Menurut dia, perempuan yang sudah terpengaruh ajaran terorisme jauh lebih sulit untuk disadarkan dibandingkan dengan laki-laki karena masalah loyalitas dan ketaatan itu ada pada jati diri perempuan itu sendiri.
"Kalau perempuan itu sudah taat maka sampai mati mereka akan sulit untuk berubah, bahkan bisa dikatakan lebih nekat. Beda dengan kaum laki-laki yang masih bisa atau mudah dirayu untuk berubah," ujarnya.
Oleh karena itu, kata dia, tidak mengherankan apabila kelompok teroris di seluruh dunia kini lebih banyak menjadikan perempuan sebagai martir untuk aksi bom bunuh diri, termasuk yang berhasil digagalkan aparat keamanan di Bekasi beberapa waktu lalu.
Untuk mencegah agar kaum perempuan tidak mudah terpapar paham radikal, Sekretaris Jenderal Indonesian Conference on Religion and Peace (ICRP) ini meminta pemerintah bersikap tegas untuk tidak membiarkan sekecil apa pun ideologi yang berbau radikal.
"Kalau pemerintah tidak tegas maka perempuan akan menjadi korban. Meski perempuan itu adalah pelaku bom, tapi pada hakikatnya dia adalah korban. Korban ideologi yang dicekokkan oleh suaminya, keluarga, atau masyarakat di sekeliling mereka," kata dia.

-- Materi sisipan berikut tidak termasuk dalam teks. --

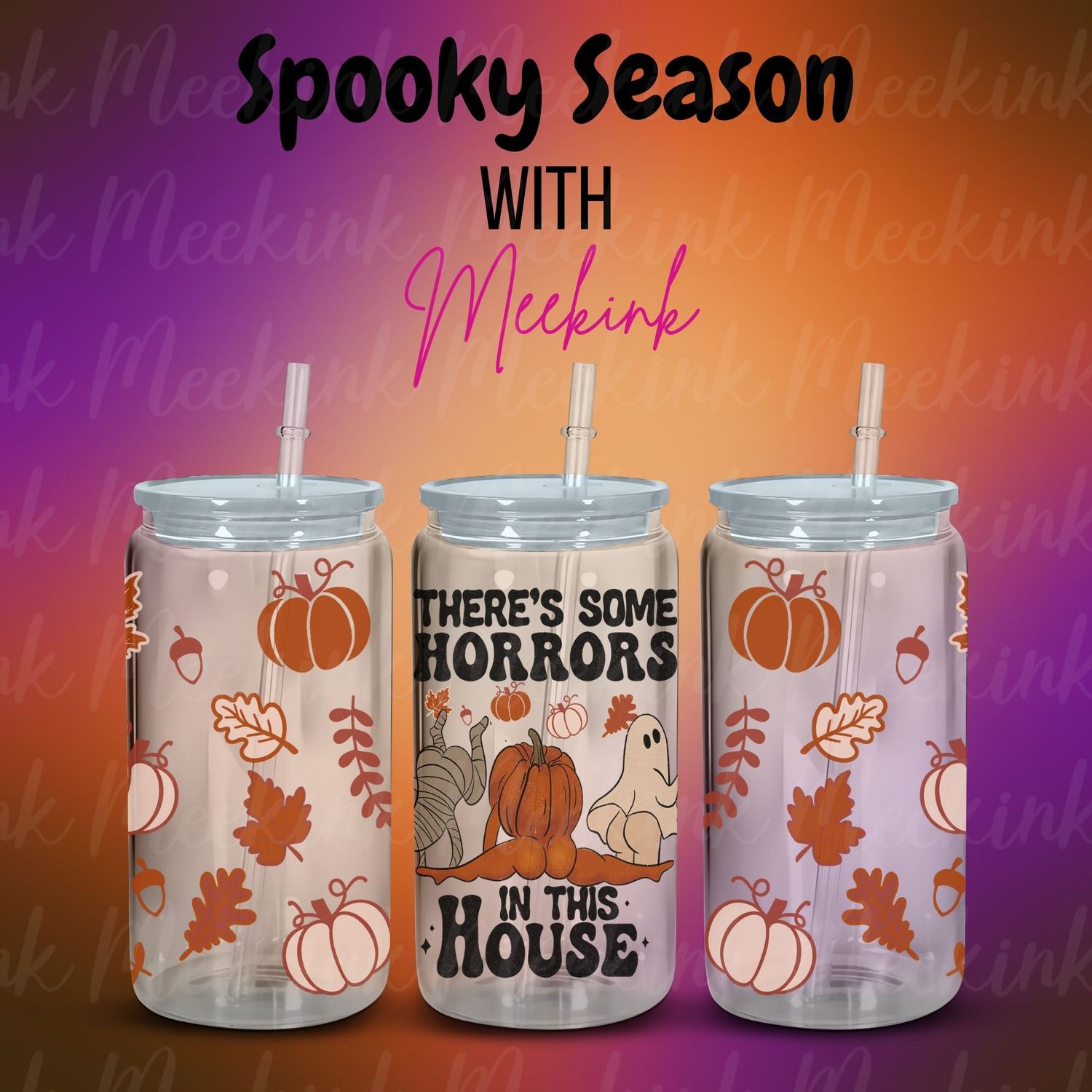 16oz Spooky Season 117 UVDTF Wrap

Selain itu, lanjut dia, pemerintah juga harus bisa menyelesaikan masalah-masalah keadilan sosial yang terjadi di masyarakat. Ketimpangan ekonomi harus dijembatani karena ketimpangan ini menjadi pembenaran bagi kelompok-kelompok radikal.

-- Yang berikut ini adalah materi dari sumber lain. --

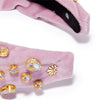 Lele Sadoughi HEADBANDS ONE SIZE / MIDNIGHT CONFETTI MIDNIGHT CONFETTI SWAROVSKI TRESOR KNOTTED HEADBAND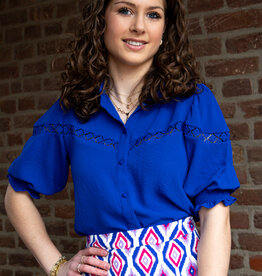 lofty m blouse shiloh blue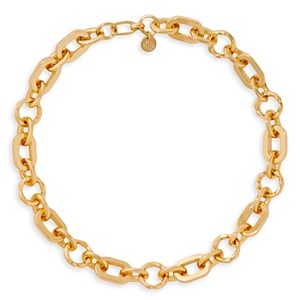 Maje Punk Mixed Link Collar Necklace in Gold Tone- 4795163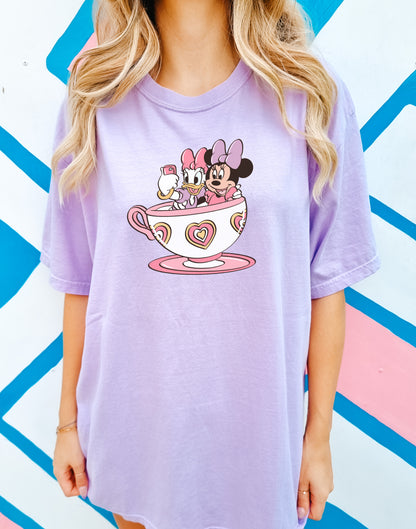 Teacup Besties - Comfort Colors Adult Tee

Menurut Musdah, para anggota kelompok radikal yang pernah ditemuinya di sejumlah lembaga pemasyarakatan selalu mengatakan bahwa korupsi yang terjadi selama ini akibat dasar negara Pancasila atau gara-gara sistem demokrasi.
"Kelompok tersebut selalu bilang makanya harus diganti menjadi negara Islam. Dan tentunya ini sangat membahayakan kalau dibiarjkan terjadi karena mengganti ideologi negara itu merupakan impian kelompok teroris tersebut," ujarnya.